Papa: appello a non cedere al “fascino dell'idolatria”

Ne abbiamo parlato la settimana scorsa, ora riprendiamo il tema perché è molto importante conoscere questo”. Così Papa Francesco ha introdotto oggi, parlando a braccio in Aula Paolo VI per la seconda udienza generale dopo la pausa di luglio, la catechesi sull'idolatria, in linea di continuità con quella della scorsa settimana. La riflessione del Santo Padre è partita dall'idolo per eccellenza, il vitello d'oro, di cui si parla nel Libro dell'Esodo.

La religione fai-da-te

Il deserto è un’immagine della vita umana, la cui condizione è incerta e non possiede garanzie inviolabili”, ha proseguito Francesco: “Questa insicurezza genera nell’uomo ansie primarie, che Gesù menziona nel Vangelo: ‘Che cosa mangeremo? Che cosa berremo? Che cosa indosseremo?'”. E in quel deserto – ha proseguito – “accade qualcosa che innesca l’idolatria, perché Mosè, che era salito sul monte tardava a scendere dal monte”. “È rimasto lì 40 giorni e la gente si è spazientita”. Papa Bergoglio spiega che mancando Mosè, cioè “il capo, la guida rassicurante”, “il punto di riferimento”, la condizione del popolo “diventa insostenibile”. Ne consegue la richiesta ad Aronne: “'Fa’ per noi un dio che cammini alla nostra testa!’. Facci un capo, facci un leader”. Così nasce una religione “fai-da-te”, in quanto – ha ammonito il Papa – “se Dio non si fa vedere, ci facciamo un dio su misura”.

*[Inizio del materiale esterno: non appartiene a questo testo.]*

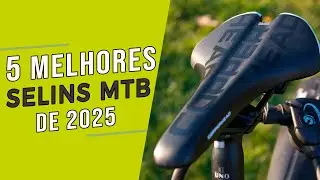 Os TOP 5 Melhores Selins de MTB - Com Bom Custo Benefício que Vão Revolucionar Seus Pedais em 2025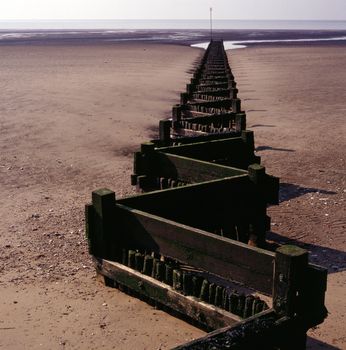 Defense against coastal erosion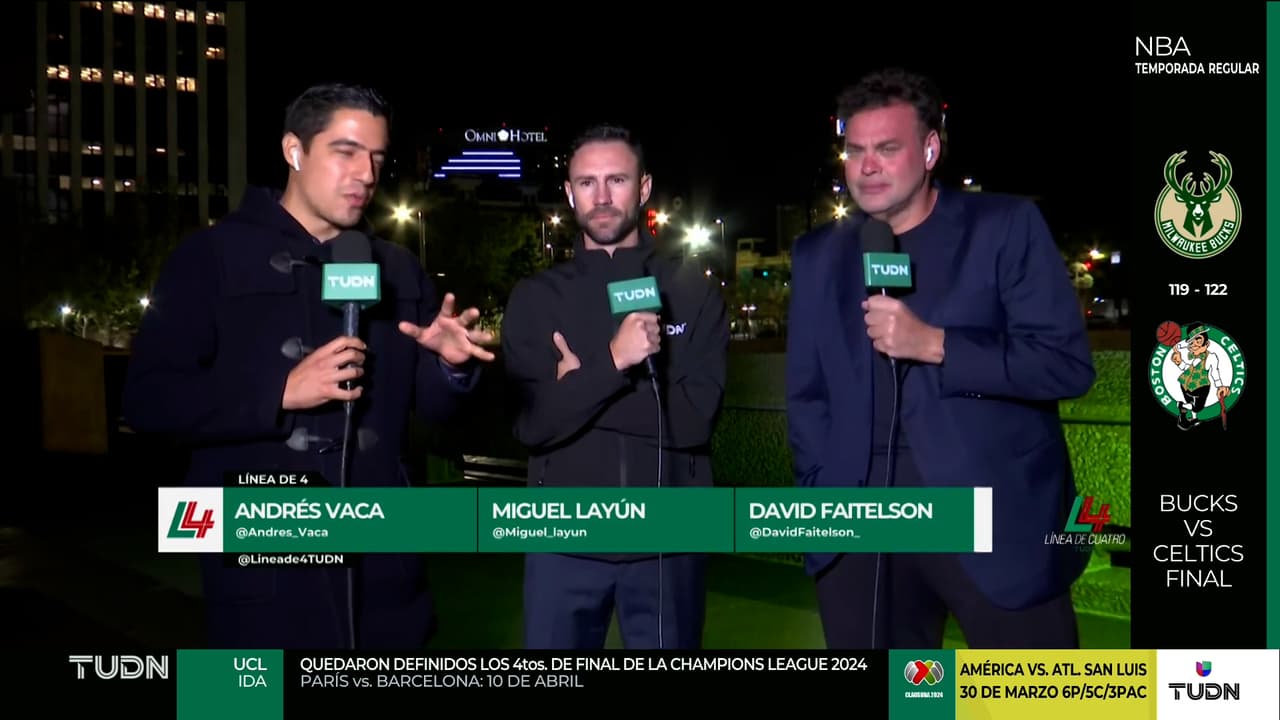 Layún se estrena en TUDN y afirma que Lozano no se tiene que ir si México pierde con Panamá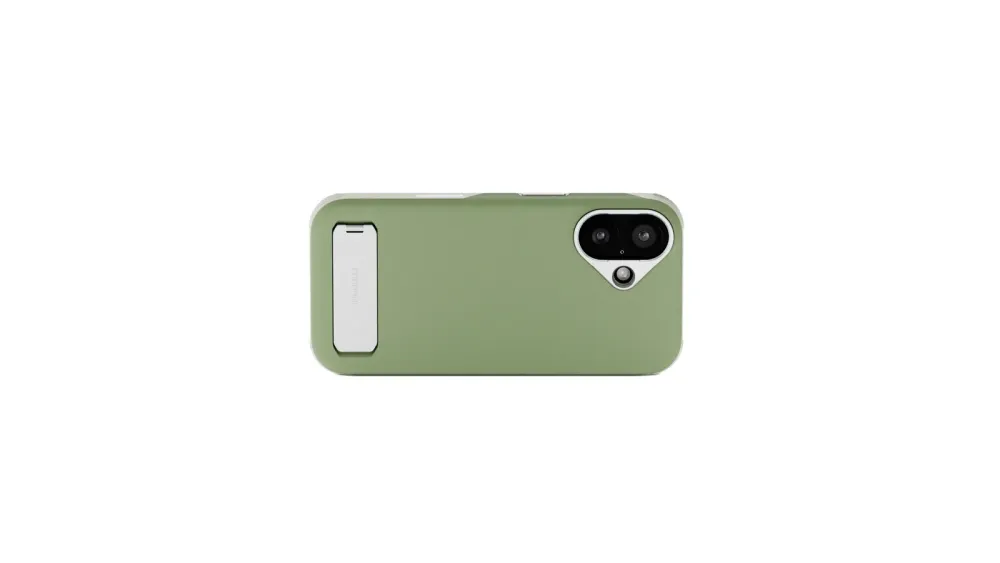 Tilta Khronos Lite iPhone 17 Case - Light Green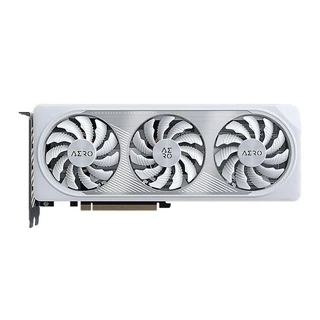 Placa de Video Gigabyte GeForce RTX 4060 Aero OC, 8GB, GDDR6, 128-bit, GV-N4060AERO-OC-8GD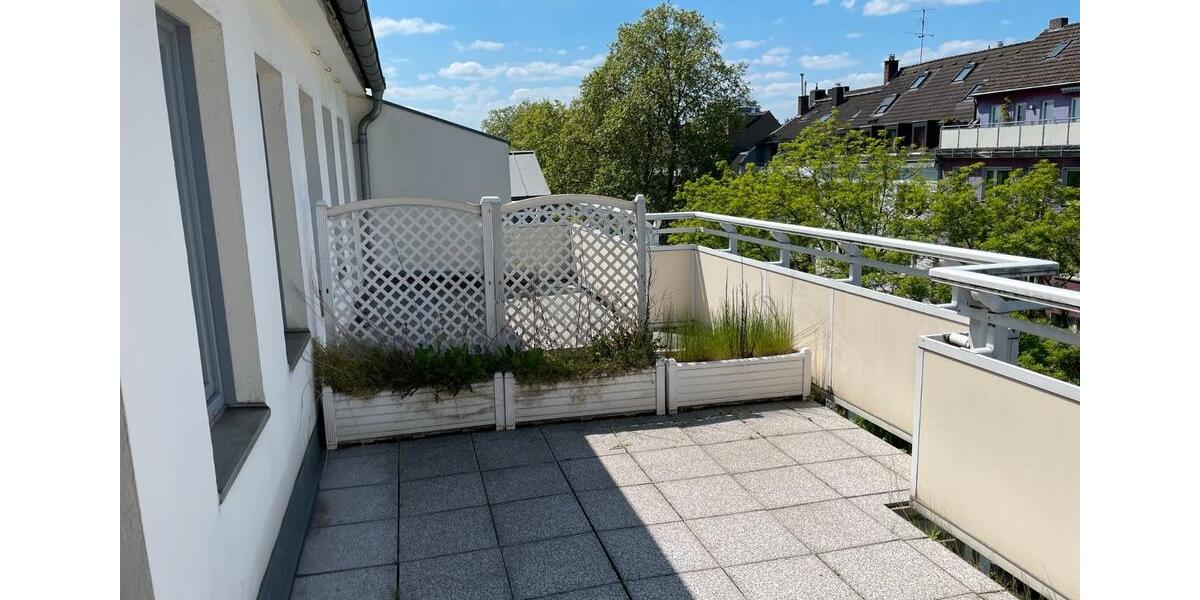 Etagenwohnung Düsseldorf Pempelfort - 2 Zimmer, 59 m&sup2;, 1.100&euro; | Angebot:26302913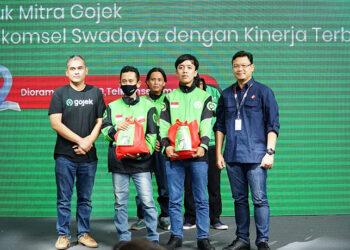 Telkomsel x Gojek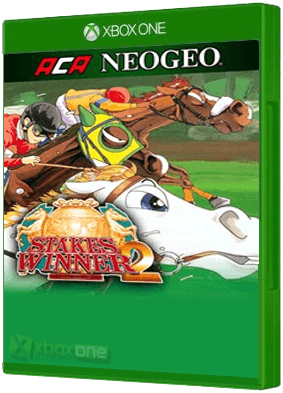 ACA NEOGEO: Stakes Winner 2 Xbox One boxart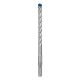 Bosch EXPERT SDS Plus-7X kalapácsfúró 10x100 165 mm, vasbeton, tégla, kő, hosszú élettartam
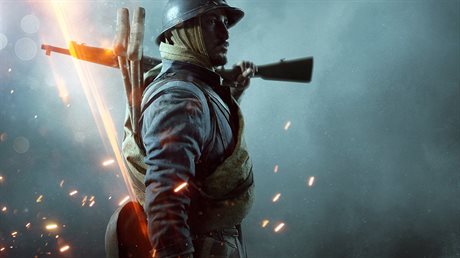 Battlefield 1 - They Shall Not Pass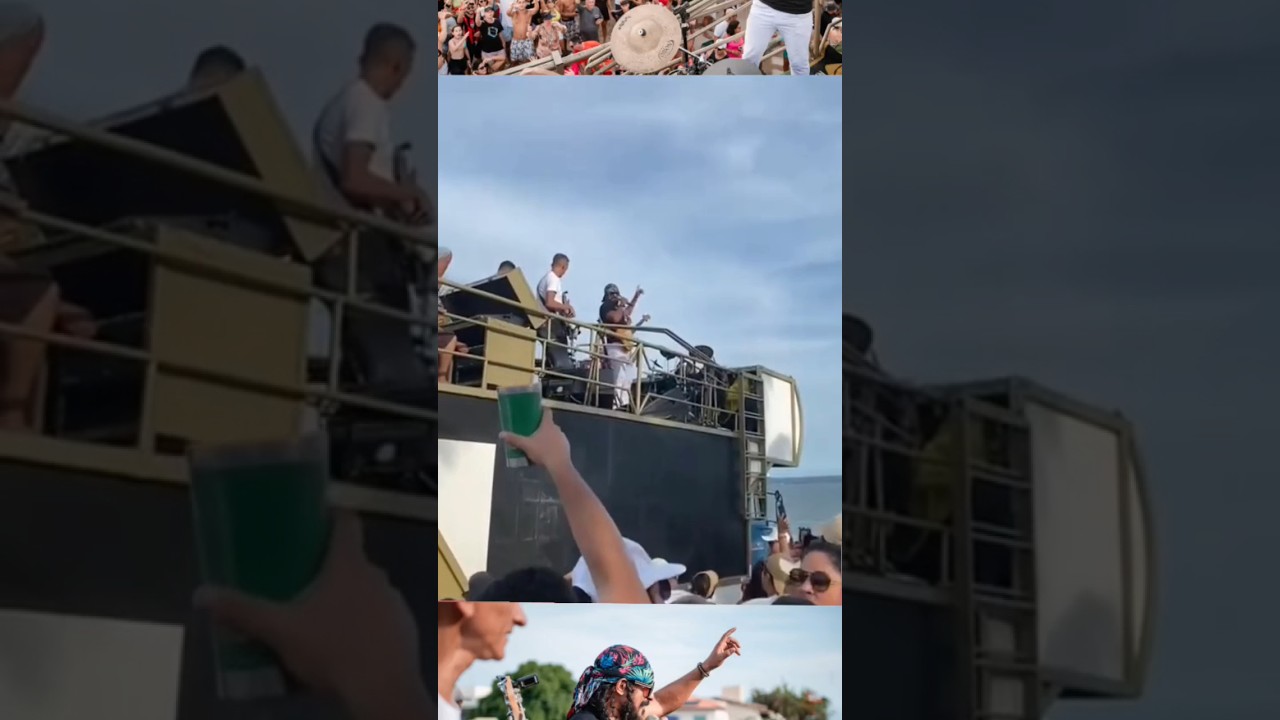 #chicletecombanana #ciclismo  #music #musica #carnavalize #cover Bel Nazareno ao vivo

“Dio toglie l'Egitto che portiamo dentro”

La deriva verso l'idolatria riguarda anche noi. Essa – ha spiegato il Pontefice – “nasce dall’incapacità di confidare soprattutto in Dio, di riporre in Lui le nostre sicurezze, di lasciare che sia Lui a dare vera profondità ai desideri del nostro cuore. Questo permette di sostenere anche la debolezza, l’incertezza e la precarietà”. Perché “senza primato di Dio si cade facilmente nell’idolatria e ci si accontenta di misere rassicurazioni”. Segni di “amore e potenza” sono serviti a Dio per liberare il popolo dall'Egitto, dunque – la riflessione di Francesco – “non è costato tanto lavoro”, ma – ha aggiunto – “il grande lavoro di Dio è stato togliere l’Egitto dal cuore del popolo, cioè togliere l’idolatria dal cuore del popolo. E ancora Dio continua a togliere l’idolatria dal cuore del popolo. È il grande lavoro di Dio: togliere l’Egitto che portiamo dentro, è il fascino dell’idolatria”.

Gli idoli di oggi

Ma quali sono i grandi idoli di oggi? Quelli di sempre: “Successo, potere e denaro”, ha ripetuto il Papa. Il suo appello, invece, è ad “accettare la propria fragilità e rifiutare gli idoli del nostro cuore”. Del resto – ha detto ancora – “quando si accoglie il Dio di Gesù Cristo, che da ricco si è fatto povero per noi, si scopre che riconoscere la propria debolezza non è la disgrazia della vita umana, ma è la condizione per aprirsi a colui che è veramente forte”. Allora – ha sottolineato – “per la porta della debolezza entra la salvezza di Dio; è in forza della propria insufficienza che l’uomo si apre alla paternità di Dio. La libertà dell’uomo nasce dal lasciare che il vero Dio sia l’unico Signore. E questo permette di accettare la propria fragilità e rifiutare gli idoli del nostro cuore”. Francesco ha portato l'esempio di Cristo crocifisso, verso cui volgiamo lo sguardo, “che è debole, disprezzato e spogliato di ogni possesso”. Tuttavia, “in lui si rivela il volto del Dio vero, la gloria dell’amore e non quella dell’inganno luccicante”. “Lui viene a rivelarci la paternità di Dio; in Cristo la nostra fragilità non è più una maledizione, ma luogo di incontro con il Padre e sorgente di una nuova forza dall’alto”, ha concluso il Santo Padre.